Trading in the Forex markets can be an incredibly rewarding endeavor. Not only is there room for financial gain, but the academic challenge of conquering the FX markets is one that many people find irresistible.
However, wanting to trade and actually becoming a good FX trader are two very different things. Many Forex traders start with the right intentions. However, they quickly fall by the way-side as they allow bad habits and practices to shape their trading.
So, what are some of the key differences between successful and unsuccessful Forex traders? And what are the qualities of a good trader?
As with all things in life, success in trading can only come as a result of dedication. Many new FX traders have dreams of making millions from trading in a very short space of time.
As any professional trader will tell you, however, the road to trading success is a long and arduous one.
Becoming a great trader requires a significant time investment above all else. Time to learn about the Forex markets, formulate a strategy, learn to backtest, hone that strategy, trade, journal etc…
Having dedication is one thing, but remaining dedicated over time is what separated the wheat from the chaff.
Many people can be dedicated for a short period of time, but continuing to apply yourself to the FX markets week after week, month by month, year on year requires perseverance and resilience.
Forex trading is not easy. Many people underestimate how difficult it is to operate in an environment where losing money is part of the process. If a Forex trader wants to become successful, they will have to remain dedicated and resilient in the face of ongoing turmoil.
Many new FX traders wrongly assume that becoming a successful trader is about being able to call every turn in the market and trade off of tuition and instinct.
While there is an incredibly slim percentage of successful traders who operate like this, the majority of successful Forex traders will tell you that learning/developing a strategy and sticking to it is the key to being successful in trading.

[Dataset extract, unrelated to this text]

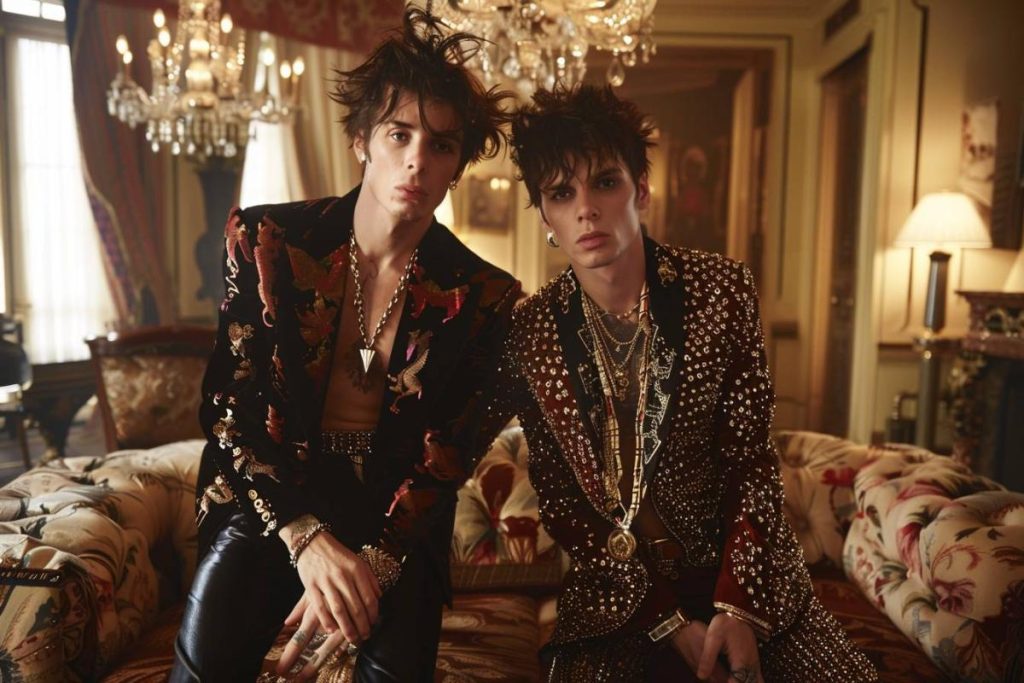 Deux jeunes individus aux cheveux coiffés portent des vestes ornées et cloutées et divers bijoux, assis sur un canapé vintage dans une pièce richement décorée avec des lustres et des meubles anciens.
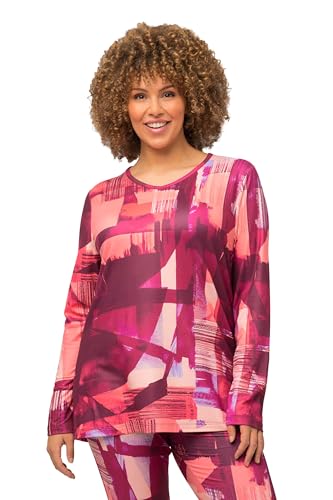 Ulla Popken Damska koszulka funkcyjna narciarska, abstrakcja, Loop T-Shirt, czerwony purpurowy, 50/52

Operating in live market conditions can be incredibly stressful. The prospect of losing/gaining money can provoke emotional responses that are hard to handle. So, having a clearly defined strategy that has been well back-tested will help provide a guide to help keep you from straying.
There is an aspect of trading that is incredibly important to manage when it comes to being successful. However, it isn’t talked about as much as it should be. That is the Forex trader’s ego.
Many struggling FX traders attach too much personal weight to their trades. They believe that if they have called a move, they have to hold onto it, even if the market is going against them.
This can often lead to damaging behavior such as the moving of stop losses or “doubling down” on positions. Successful FX traders know that the ability to adapt is vital to success and that Forex trading is not personal. If a trader buys the market but the market turns against them, they are comfortable taking a stop loss and reassessing.
Pragmatism is also important when it comes to strategies. Many FX traders spend a great deal of time developing or learning a strategy they believe in.
However, if the strategy is failing in live conditions, they are unable to see that perhaps they need a new one. That’s usually because they have already invested so much of themselves in their original strategy.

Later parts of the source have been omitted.